Ma è soprattutto il suo ruolo pubblico che ci appare di grande modernità. Eletto in consiglio comunale a Padova, mise a frutto le sue conoscenze e le tradusse in politiche pubbliche. Si impegnò su due fronti. L’accesso all’acqua salubre e potabile e i programmi d’intervento di igiene pubblica. Inoltre, i suoi studi sulla mortalità infantile lo avevano convinto che bisognasse proteggere le partorienti. E così fece aprire, per la prima volta in Italia, la sala di maternità all’ospedale civile di Padova. Era una misura rivolta prima di tutto alle donne meno abbienti, che più erano esposte ai rischi».
Un progressista?
«Credo che la sua formazione scientifica lo abbia aiutato a sviluppare idee liberali e progressiste, anche se tutte le istituzioni, compresa l’Università a Vienna, avevano una forte impronta cattolica. Fu uno zio molto religioso ad aiutarlo negli studi e a indirizzarlo alla facoltà di filosofia e scienze naturali, che all’epoca erano legate dal punto di vista accademico. Insomma, Canestrini aveva una visione culturale complessa, che lo aiutò molto nell’affrontare i dibattiti che via via si aprivano nella società».
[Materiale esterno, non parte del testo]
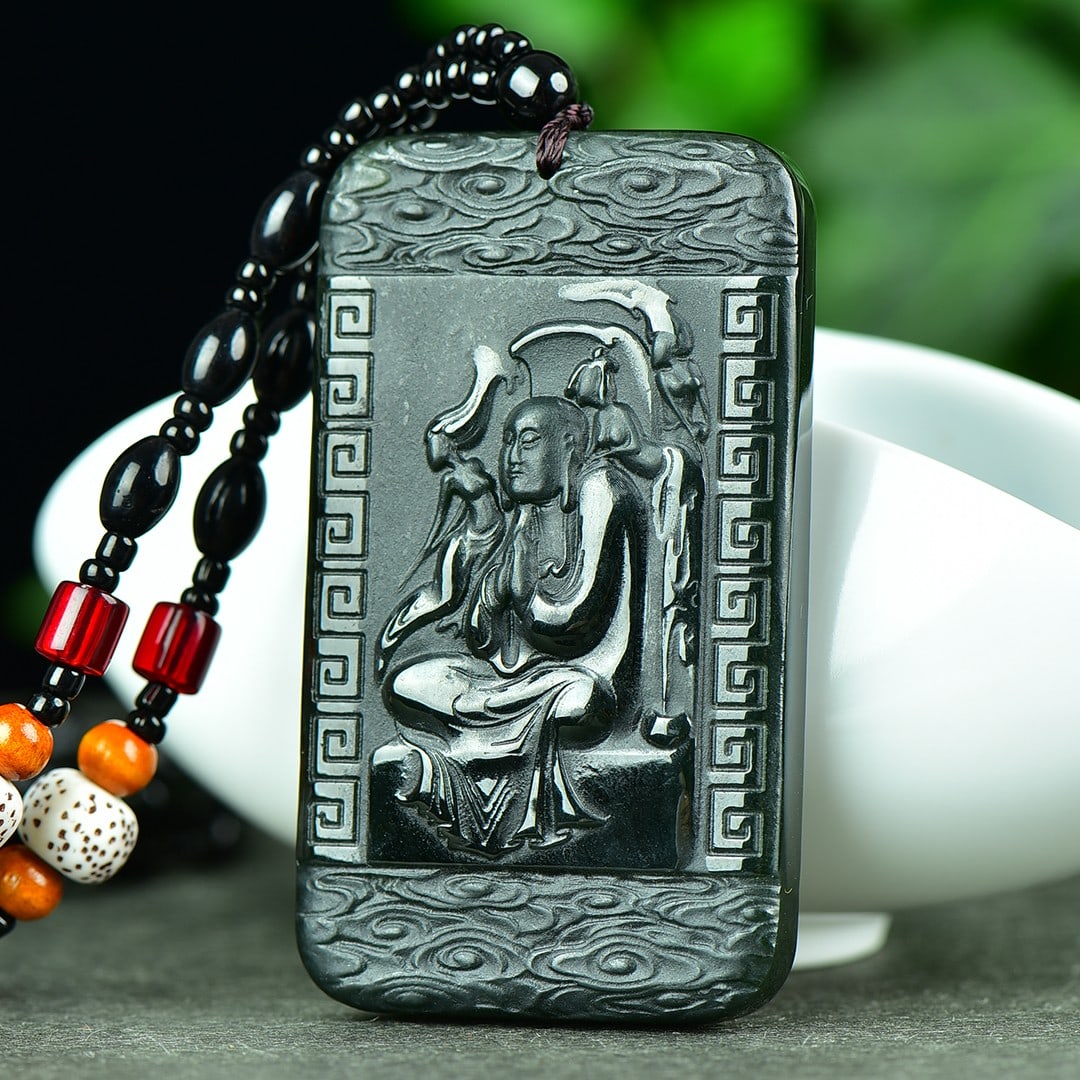 An Exquisite Sapphire Buddha Pattern Pendant - 2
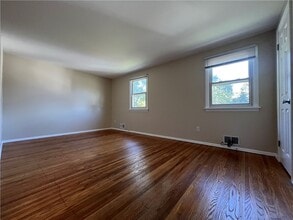 Building Photo - 1165 Whitney Road East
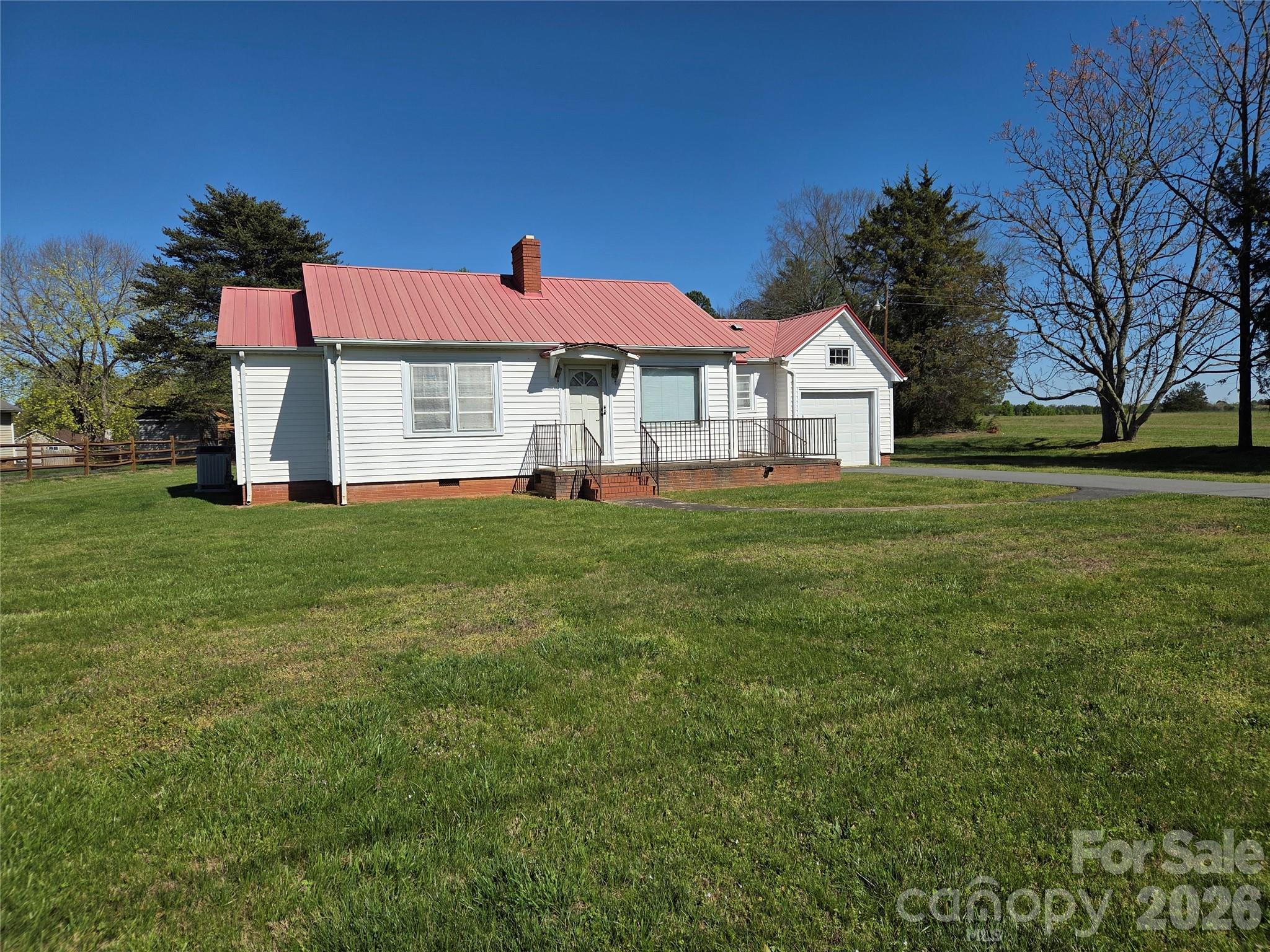 2744 N NC 16 Business Highway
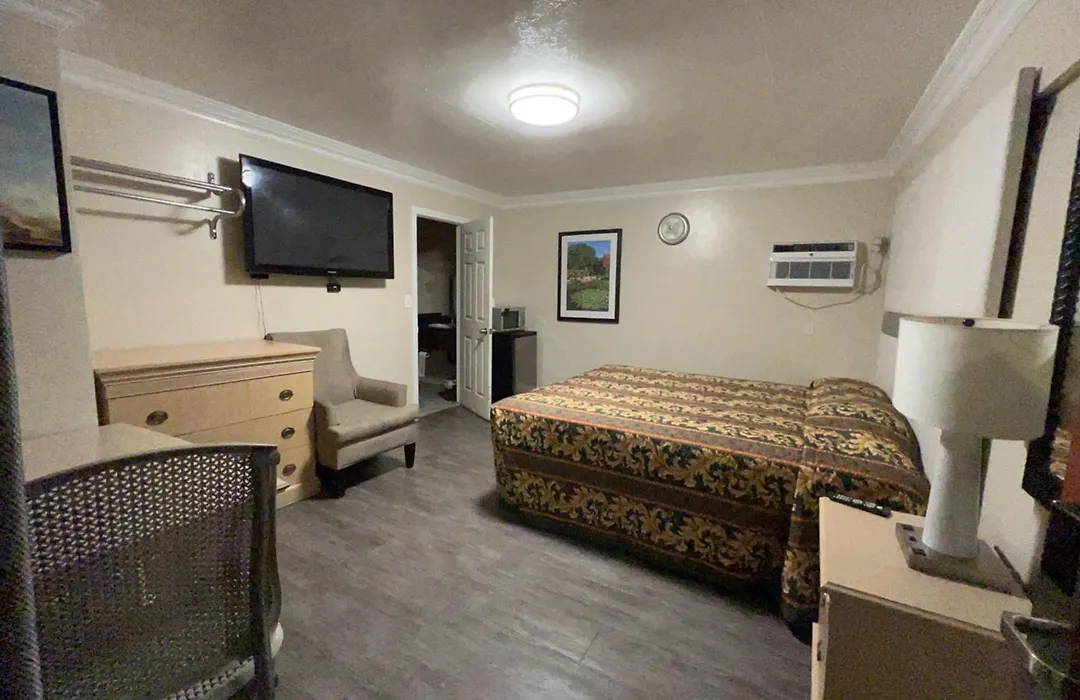 Flamingo Motel Oxnard-1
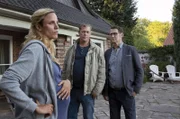 Alexander Hoffmann, ein Ex-Trinker, wurde in seinem Haus am Wasser niedergestochen und tödlich verletzt. Die Lübecker Ermittler Finn (Sven Martinek, M.), Lars (Ingo Naujoks, r.) befragen Sabine Ahlgrimm (Isabel Thierauch, l.). In welcher Verbindung stand sie zu dem Toten.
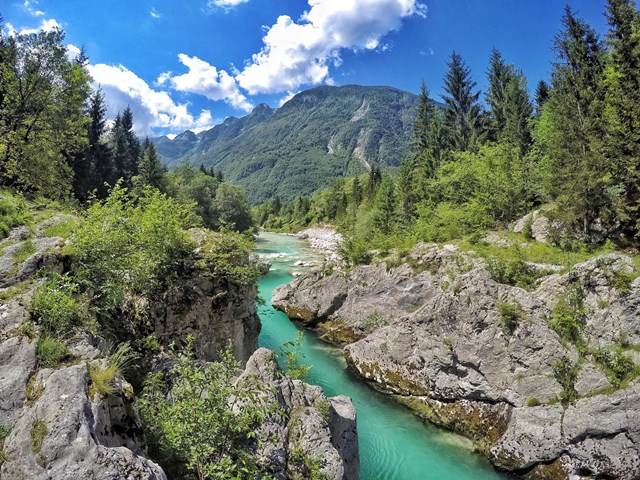 lac-trong-julian-alps-d227y-n250i-co-t237ch-o-v249ng-dat-slovenia_5.jpg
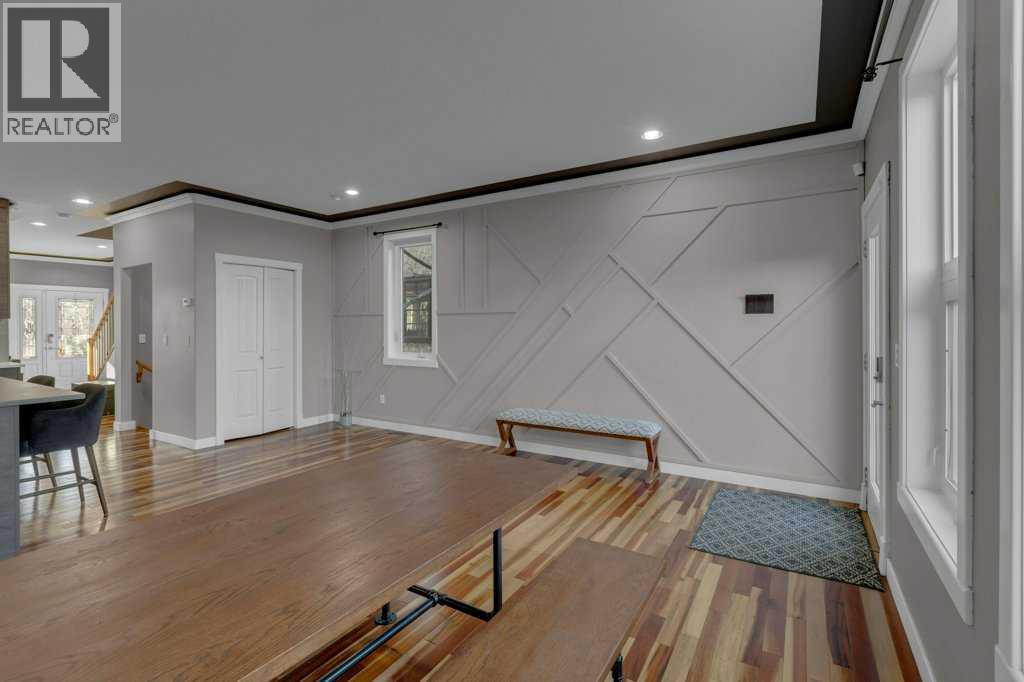 Single Family House for Sale in   Avenue NW Bowness Calgary 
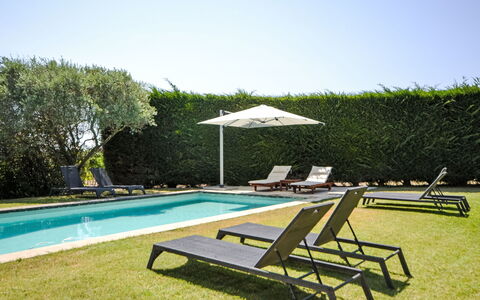 L'Oustaou dei Figo: Wasser, Pflanze, Möbel, Schwimmbad, Himmel, Schatten, Gartenmöbel, Rechteck, Sonnenliege, Baum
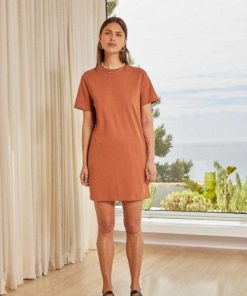 Rivermeadowrobes.shopb7ed4047de 4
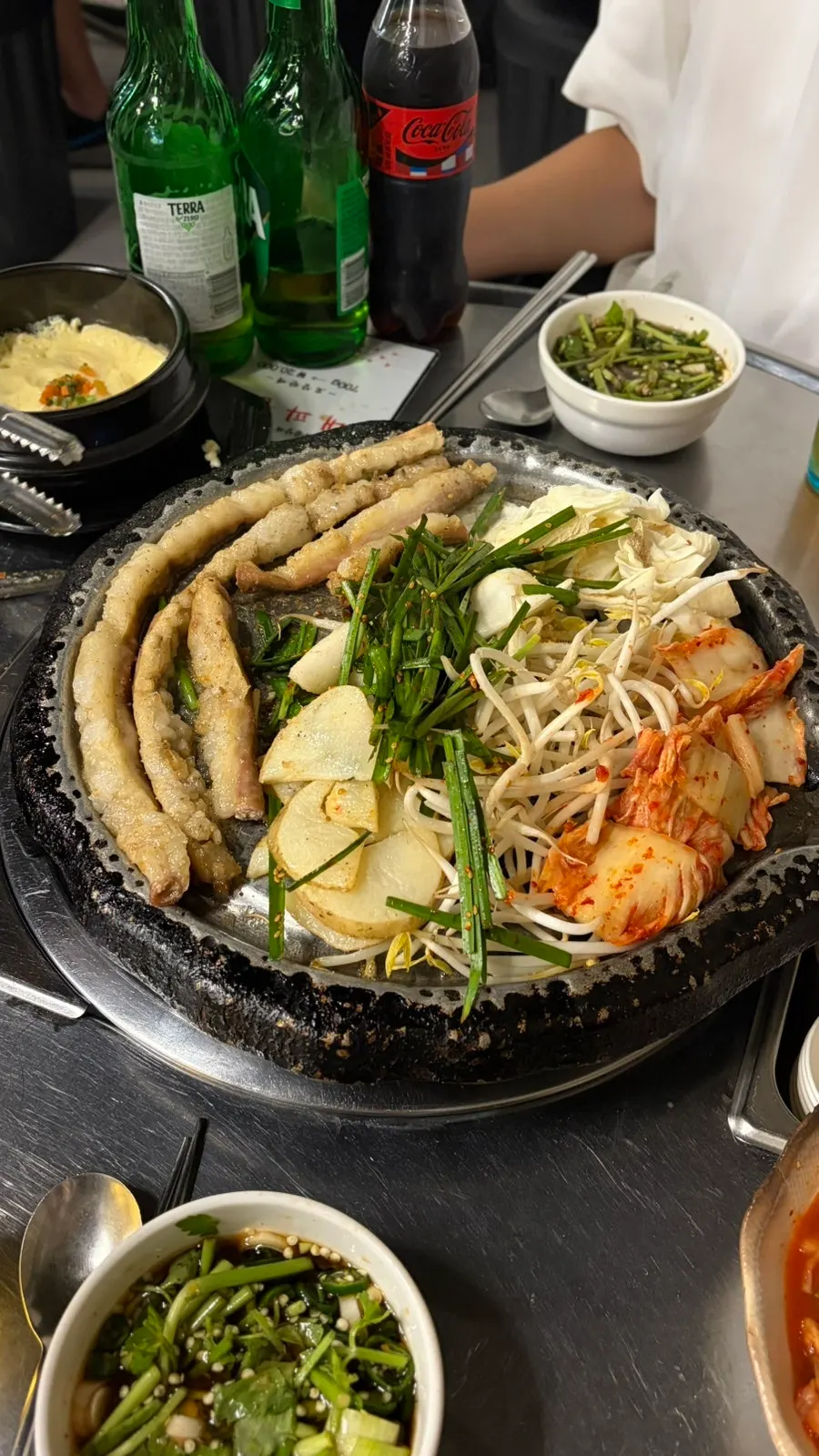 진성한우곱창 가락본점 매장 내부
È affascinante anche il suo essere dentro ai due mondi, italiano e austriaco.
«Canestrini fu davvero un figlio della sua terra. Nato in una famiglia di lingua italiana, si rivolse necessariamente all’Austria per studiare e formarsi. Certo, passò il resto della sua vita in Italia e questo fu davvero il suo mondo. Ma prima di tutto era trentino, cresciuto in quel conteso di valle, rurale, con un rapporto con la natura così viscerale. Fin da bambino imparò a esplorare il mondo naturale in cui era immerso, riuscendo poi a unirlo al rigore scientifico e a una forte coscienza sociale».